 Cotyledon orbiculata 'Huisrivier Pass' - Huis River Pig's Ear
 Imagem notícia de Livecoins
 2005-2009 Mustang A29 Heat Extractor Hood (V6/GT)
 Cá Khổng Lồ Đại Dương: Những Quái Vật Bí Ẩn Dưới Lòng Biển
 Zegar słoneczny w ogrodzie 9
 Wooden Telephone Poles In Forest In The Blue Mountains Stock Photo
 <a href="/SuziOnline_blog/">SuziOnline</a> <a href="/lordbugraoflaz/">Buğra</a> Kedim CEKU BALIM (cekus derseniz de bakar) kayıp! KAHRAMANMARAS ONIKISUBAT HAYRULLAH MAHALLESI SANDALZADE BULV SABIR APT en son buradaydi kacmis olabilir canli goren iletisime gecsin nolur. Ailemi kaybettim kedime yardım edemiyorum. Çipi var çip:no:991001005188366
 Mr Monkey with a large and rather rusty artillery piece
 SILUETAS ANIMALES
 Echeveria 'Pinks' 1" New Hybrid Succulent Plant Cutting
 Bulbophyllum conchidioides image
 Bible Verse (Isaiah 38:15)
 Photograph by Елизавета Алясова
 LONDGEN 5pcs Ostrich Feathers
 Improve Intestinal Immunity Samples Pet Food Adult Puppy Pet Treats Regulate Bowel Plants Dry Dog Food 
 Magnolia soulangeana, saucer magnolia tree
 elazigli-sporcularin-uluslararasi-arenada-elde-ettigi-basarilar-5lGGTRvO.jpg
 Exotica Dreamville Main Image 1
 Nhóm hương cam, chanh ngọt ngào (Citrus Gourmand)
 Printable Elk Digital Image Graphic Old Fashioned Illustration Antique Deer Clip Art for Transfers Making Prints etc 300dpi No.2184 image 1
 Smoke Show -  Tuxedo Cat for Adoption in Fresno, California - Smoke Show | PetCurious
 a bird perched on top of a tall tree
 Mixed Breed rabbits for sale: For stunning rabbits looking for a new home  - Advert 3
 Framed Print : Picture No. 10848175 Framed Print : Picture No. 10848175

----

- **Exercise description**: Take the records above and return, word for word, only the lines that fall from the line with "Bible Verse (Isaiah 38:15)" to the line with "Magnolia soulangeana, saucer magnolia tree", both of them included.

- **Response below**:
 Bible Verse (Isaiah 38:15)
 Photograph by Елизавета Алясова
 LONDGEN 5pcs Ostrich Feathers
 Improve Intestinal Immunity Samples Pet Food Adult Puppy Pet Treats Regulate Bowel Plants Dry Dog Food 
 Magnolia soulangeana, saucer magnolia tree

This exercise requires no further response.